KIng Tuts Mask Damaged

Alayna Glover, Reporter

On Monday January 4, eight Egyptian museum officials were faced with charges for breaking the blue-and-gold braided beard of King Tutankhamen’s death mask.


King Tutankhamen, also known as King Tut, was the 12th King of the Egyptian dynasty and ruled from age nine to nineteen. King Tut sought to restore the old order in his short time as ruler in hopes of Egypt becoming favorable to the gods. He ordered the repair of many holy sites, oversaw the completion of the red granite lions, and continued construction at the temple of Karnark.


The same year that King Tut took power, he married Ankhesenamun, his half sister and the daughter of Nefertiti. It is known that the couple had two daughters, both likely to have been stillborn. Due to Tutankhaten’s young age when he took power, an elder who bore the title of Vizier controlled the first years of his reign.
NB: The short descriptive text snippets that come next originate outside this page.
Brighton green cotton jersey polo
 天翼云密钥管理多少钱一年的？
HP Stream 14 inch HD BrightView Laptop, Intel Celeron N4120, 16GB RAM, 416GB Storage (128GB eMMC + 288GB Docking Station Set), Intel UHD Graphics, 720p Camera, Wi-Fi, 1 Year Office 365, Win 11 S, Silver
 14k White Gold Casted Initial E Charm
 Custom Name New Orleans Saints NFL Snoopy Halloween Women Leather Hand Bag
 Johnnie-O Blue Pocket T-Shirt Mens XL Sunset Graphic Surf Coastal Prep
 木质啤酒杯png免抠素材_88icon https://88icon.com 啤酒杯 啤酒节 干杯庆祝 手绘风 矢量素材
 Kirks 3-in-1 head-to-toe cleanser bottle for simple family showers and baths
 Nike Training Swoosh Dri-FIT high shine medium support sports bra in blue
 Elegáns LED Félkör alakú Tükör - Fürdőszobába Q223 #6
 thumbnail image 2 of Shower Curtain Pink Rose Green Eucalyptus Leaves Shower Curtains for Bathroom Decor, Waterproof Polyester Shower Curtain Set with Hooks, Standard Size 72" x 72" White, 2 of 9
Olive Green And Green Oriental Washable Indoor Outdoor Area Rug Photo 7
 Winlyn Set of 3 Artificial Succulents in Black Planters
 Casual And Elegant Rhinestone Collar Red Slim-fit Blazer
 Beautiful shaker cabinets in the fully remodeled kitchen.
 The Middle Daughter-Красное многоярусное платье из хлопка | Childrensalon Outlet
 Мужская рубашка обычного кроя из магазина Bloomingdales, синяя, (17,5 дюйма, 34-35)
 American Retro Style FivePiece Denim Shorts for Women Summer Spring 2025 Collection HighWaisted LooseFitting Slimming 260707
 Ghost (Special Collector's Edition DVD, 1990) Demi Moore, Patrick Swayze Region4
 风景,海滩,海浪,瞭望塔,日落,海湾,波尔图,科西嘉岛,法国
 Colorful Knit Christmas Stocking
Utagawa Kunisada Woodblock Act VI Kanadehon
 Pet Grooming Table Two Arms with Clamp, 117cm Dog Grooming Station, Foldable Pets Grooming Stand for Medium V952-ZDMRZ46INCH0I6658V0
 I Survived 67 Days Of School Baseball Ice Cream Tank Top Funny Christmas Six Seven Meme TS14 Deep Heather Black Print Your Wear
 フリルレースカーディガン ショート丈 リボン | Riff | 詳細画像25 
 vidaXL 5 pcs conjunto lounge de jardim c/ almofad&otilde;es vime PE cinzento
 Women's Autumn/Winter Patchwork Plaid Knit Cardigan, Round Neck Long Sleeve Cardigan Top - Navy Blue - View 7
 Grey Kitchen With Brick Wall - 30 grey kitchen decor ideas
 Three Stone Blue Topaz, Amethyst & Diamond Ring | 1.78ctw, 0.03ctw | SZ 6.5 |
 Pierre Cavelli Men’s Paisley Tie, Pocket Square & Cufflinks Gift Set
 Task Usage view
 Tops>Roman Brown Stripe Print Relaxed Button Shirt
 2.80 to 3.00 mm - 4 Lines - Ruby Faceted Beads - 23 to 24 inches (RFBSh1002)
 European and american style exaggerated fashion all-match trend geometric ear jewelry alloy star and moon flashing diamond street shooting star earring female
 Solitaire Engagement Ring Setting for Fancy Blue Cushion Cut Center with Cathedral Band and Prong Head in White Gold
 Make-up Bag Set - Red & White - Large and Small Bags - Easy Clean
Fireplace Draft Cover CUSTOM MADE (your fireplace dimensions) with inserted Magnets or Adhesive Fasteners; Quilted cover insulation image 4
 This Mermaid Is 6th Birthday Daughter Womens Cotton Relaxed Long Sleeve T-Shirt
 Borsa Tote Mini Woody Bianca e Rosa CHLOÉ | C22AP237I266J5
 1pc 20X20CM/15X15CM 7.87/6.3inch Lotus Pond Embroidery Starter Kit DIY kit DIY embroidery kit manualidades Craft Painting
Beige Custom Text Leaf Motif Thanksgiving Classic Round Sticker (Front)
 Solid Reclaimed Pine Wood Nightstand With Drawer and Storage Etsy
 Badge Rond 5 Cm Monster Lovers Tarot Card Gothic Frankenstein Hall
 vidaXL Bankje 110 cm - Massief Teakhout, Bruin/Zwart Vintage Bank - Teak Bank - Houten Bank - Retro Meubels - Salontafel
Ay was assisted by Horemheb, Egypt’s top military commander at the time. Both men reversed Akhenaten’s decree to worship Aten, in favor of the traditional polytheistic beliefs. Tutankhaten changed his name to Tutankhamun, which means “the living image of Amun,” and had the royal court moved back to Thebes.


His death brought much turmoil to the court, causing many rivals to fight for the throne. King Tutankhamen was buried in a tomb in the Valley of the Kings. His body was preserved in the traditional fashion of mummification, but buried seventy days later. There are no known records of King Tut after his burial and he remained virtually unknown. Even the location of his tomb was lost until 1922.


Much of what we know today about King Tut derives from his tomb found in 1922 by British archaeologist Howard Carter. On November 26, 1922, Carter and fellow archaeologist George Herbert entered the chambers of the tomb. To their amazement, they found much of its contents and structure miraculously intact. One artifact was the death mask that is now damaged due to failure of following protocol.


The initial damage took place in August 2014, when the beard originally fell off during cleaning and was quickly glued on with a substantial amount of epoxy, but officials didn’t look into the damage until last year. The glue caused further damage to the 3,300-year-old mask.


“ ‘In an attempt to cover up the damage they inflicted, they used sharp instruments such as scalpels and metal tools to remove traces of adhesive on the mask, causing damage and scratches that remain,’ it said, citing an investigation.” courtesy ABC news.


The experts did their best to restore the mask to its previous state back in August and now must do the same.


“The eight employees currently awaiting trial include the former director of the museum, which contains the world’s most extensive collection of Egyptians antiquities, as well as three restoration experts and four conservation officials at the Ministry of Antiquities,” said the Christian Science Monitor.


The eight people who will be charged are six restorers and two former heads of the restoration section of the museum. It is not yet said when the trial will be.